### Directions for this task
Beginning at the line that contains "খালেদের ৪ উইকেটে ৮ রানে জিতল রংপুর রাইডার্স" and ending at the last line of the records below, retype each line exactly and add nothing.

### Short web captions
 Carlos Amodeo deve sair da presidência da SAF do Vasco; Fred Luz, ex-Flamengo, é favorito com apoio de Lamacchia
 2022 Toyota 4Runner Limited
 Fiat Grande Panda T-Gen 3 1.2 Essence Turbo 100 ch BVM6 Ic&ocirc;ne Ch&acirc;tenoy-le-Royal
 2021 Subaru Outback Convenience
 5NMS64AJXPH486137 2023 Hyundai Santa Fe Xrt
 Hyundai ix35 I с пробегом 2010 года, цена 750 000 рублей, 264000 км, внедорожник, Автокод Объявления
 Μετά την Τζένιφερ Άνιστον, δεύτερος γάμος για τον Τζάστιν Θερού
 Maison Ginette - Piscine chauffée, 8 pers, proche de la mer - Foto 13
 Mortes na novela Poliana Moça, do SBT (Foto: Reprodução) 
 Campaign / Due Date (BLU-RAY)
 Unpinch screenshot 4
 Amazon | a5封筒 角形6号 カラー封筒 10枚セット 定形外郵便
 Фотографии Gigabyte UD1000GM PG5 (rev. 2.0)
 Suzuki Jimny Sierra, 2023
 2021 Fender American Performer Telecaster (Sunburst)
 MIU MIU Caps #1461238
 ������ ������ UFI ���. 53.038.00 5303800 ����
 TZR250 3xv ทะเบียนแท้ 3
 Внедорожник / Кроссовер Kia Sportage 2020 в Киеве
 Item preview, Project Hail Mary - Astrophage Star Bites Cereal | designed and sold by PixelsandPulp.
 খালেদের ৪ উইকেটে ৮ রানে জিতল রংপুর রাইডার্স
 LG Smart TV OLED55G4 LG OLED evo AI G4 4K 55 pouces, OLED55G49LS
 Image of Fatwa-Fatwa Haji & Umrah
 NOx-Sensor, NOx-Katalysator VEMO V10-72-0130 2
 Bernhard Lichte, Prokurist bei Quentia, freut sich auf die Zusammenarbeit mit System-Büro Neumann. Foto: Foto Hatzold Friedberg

### Solution to this exercise
 খালেদের ৪ উইকেটে ৮ রানে জিতল রংপুর রাইডার্স
 LG Smart TV OLED55G4 LG OLED evo AI G4 4K 55 pouces, OLED55G49LS
 Image of Fatwa-Fatwa Haji & Umrah
 NOx-Sensor, NOx-Katalysator VEMO V10-72-0130 2
 Bernhard Lichte, Prokurist bei Quentia, freut sich auf die Zusammenarbeit mit System-Büro Neumann. Foto: Foto Hatzold Friedberg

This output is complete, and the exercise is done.